High end VFX/CG usually tessellates geometry down to micropolygon, so you roughly have 1 quad (or two triangles) per pixel in terms of geometry density, so you can often have > 150,000,000 polys in a scene, along with per vertex primvars to control shading, and many textures (which can be paged fairly well with shade on hit).
Using ray tracing pretty much means having all that in memory at once (paging sucks in general of geo and accel structures, it's been tried in the past) so that intersection / traversal is fast.
Doing lookdev on individual assets (i.e. turntables) is one place where GPU rendering can be used as the memory requirements are much smaller, but only if the look you get is identical to the one you get using CPU rendering, which isn't always the case (some of the algorithms are hard to get working correctly on GPUs, i.e. volumetrics).
Renderman (the renderer Pixar use, and create in Seattle) isn't really GPU ready yet (they're attempting to release XPU this year I think).
I disagree with this takeaway. But full disclosure I’m biased: I work on OptiX. There is a reason Pixar and Arnold and Vray and most other major industry renderers are moving to the GPU, because the trends are clear and because it has recently become ‘worth it’. Many renderers are reporting factors of 2-10 for production scale scene rendering. (Here’s a good example: https://www.youtube.com/watch?v=ZlmRuR5MKmU) There definitely are tradeoffs, and you’ve accurately pointed out several of them - memory constraints, paging, micropolygons, etc. Yes, it does take a lot of engineering to make the best use of the GPU, but the scale of scenes in production with GPUs today is already firmly well past being limited to turntables, and the writing is on the wall - the trend is clearly moving toward GPU farms.

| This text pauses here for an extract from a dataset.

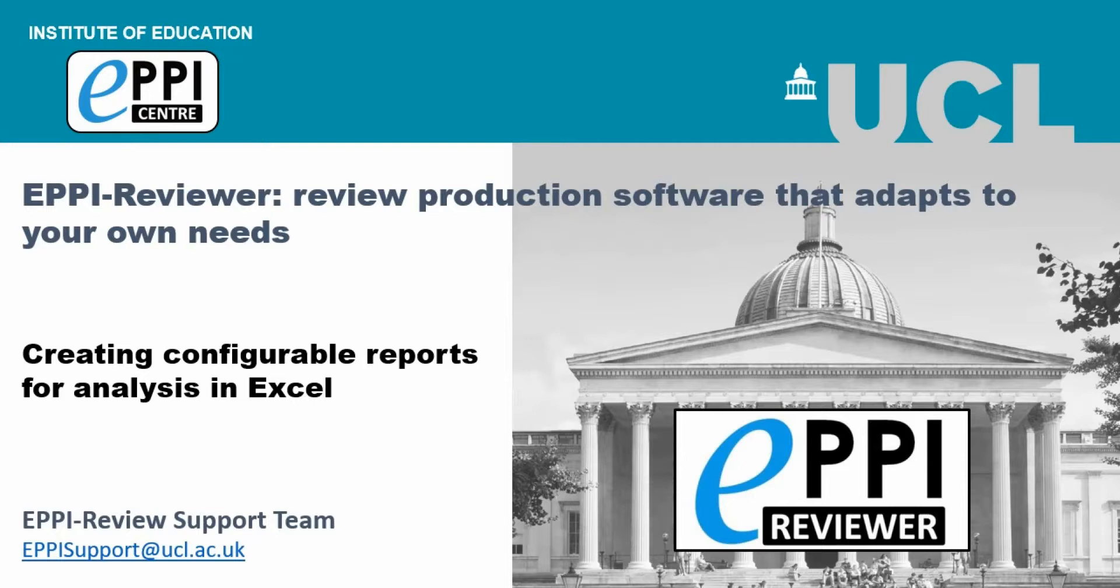This video will introduce you to creating configurable reports in EpiReviewer 4, which allow you to more easily extract data from your review for analysis in Excel.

So I'm well aware of the trade offs. As I mentioned, for lookdev and small scenes, GPUs do make sense currently (if you're willing the pay the penalty of getting code to work on both CPU and GPU, and GPU dev is not exactly trivial in terms of debugging / building compared to CPU dev).
But until GPUs exist with > 64 GB RAM, for rendering large scale scenes, it's just not worth it given the extra burdens (increased development costs, heterogeneous sets of machines in the farm, extra debugging, support), so for high-end scale, we're likely 3/4 years away yet.
(I'm aware of the OSL batching/GPU work that's taking place, but it remains to be seen how well that's going to work).
From what I've heard from friends in the industry (at other companies) who are using GPU versions of Arnold, the numbers are no-where near as good as the upper numbers you're claiming when rendering at final fidelity (i.e. with AOVs and Deep output), so again, the use-cases - at least for high-end VFX with GPU - are still mostly for lookdev and lighting blocking iterative workflow from what I understand. Which is still an advantage and provides clear benefits in terms of iteration time over CPU renderers, but it's not a complete win, and so far, only the smaller studios have started dipping their toes in the water.
Also, the advent of AMD Epyc has finally thrown some competitiveness back to CPU rendering, so it's now possible to get a machine with x2 as many cores for close to half the price, which has given CPU rendering a further shot in the arm.
The trend is pretty clear, though. The size of scenes than can be done on the GPU today is large and growing fast, both because of improving engineering and because of increasing GPU memory speed & size. It’s just a fact that a lot of commercial work is already done on the GPU, and that most serious commercial renderers already support GPU rendering.
It’s fair to point out that the largest production scenes are still difficult and will remain so for a while. There are decent examples out there of what’s being done in production with GPUs already:
https://www.chaosgroup.com/vray-gpu#showcase
They are really expensive though. But chassis and rackspace also isn't free. If one beefy node with a couple GPUs can replace have a rack of CPU only Nodes the GPUs are totally worth it.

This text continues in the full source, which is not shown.